▶ Work to be completed: Word for word, repeat the data; no picture should appear in the result.

▶ Information supplied:
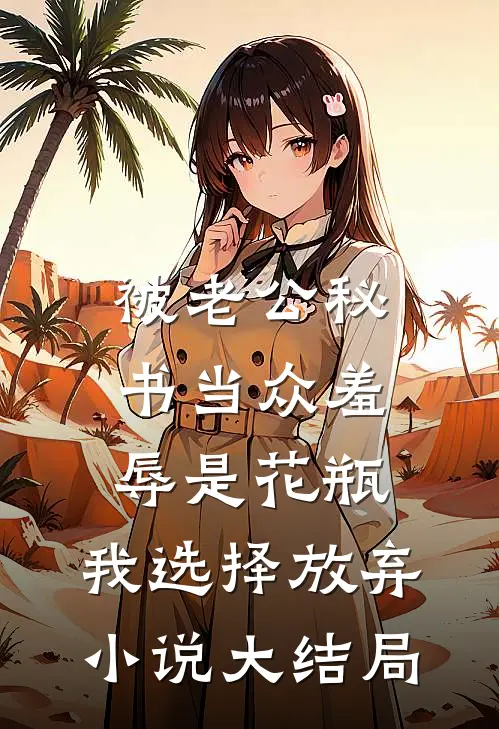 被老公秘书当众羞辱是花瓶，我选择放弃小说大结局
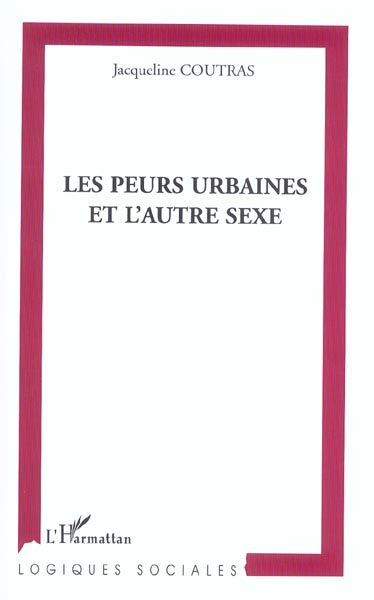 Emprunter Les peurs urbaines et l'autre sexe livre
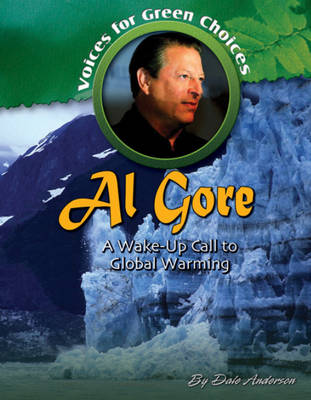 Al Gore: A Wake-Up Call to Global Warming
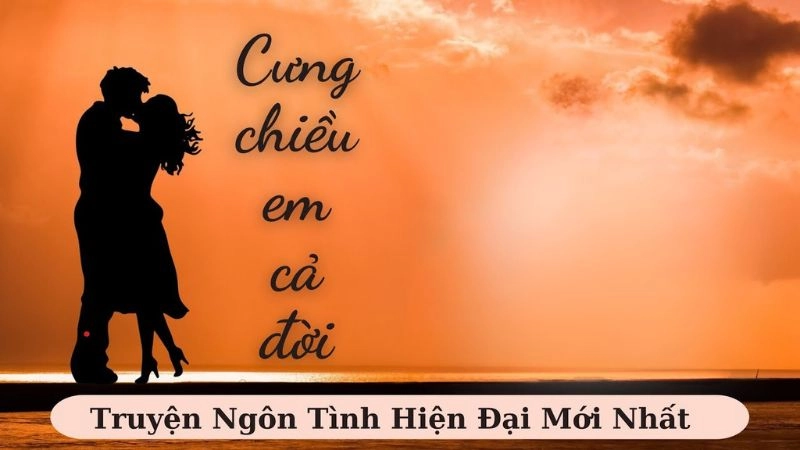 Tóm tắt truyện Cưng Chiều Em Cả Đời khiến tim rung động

▶ Result of the task:
 被老公秘书当众羞辱是花瓶，我选择放弃小说大结局
 Emprunter Les peurs urbaines et l'autre sexe livre
 Al Gore: A Wake-Up Call to Global Warming
 Tóm tắt truyện Cưng Chiều Em Cả Đời khiến tim rung động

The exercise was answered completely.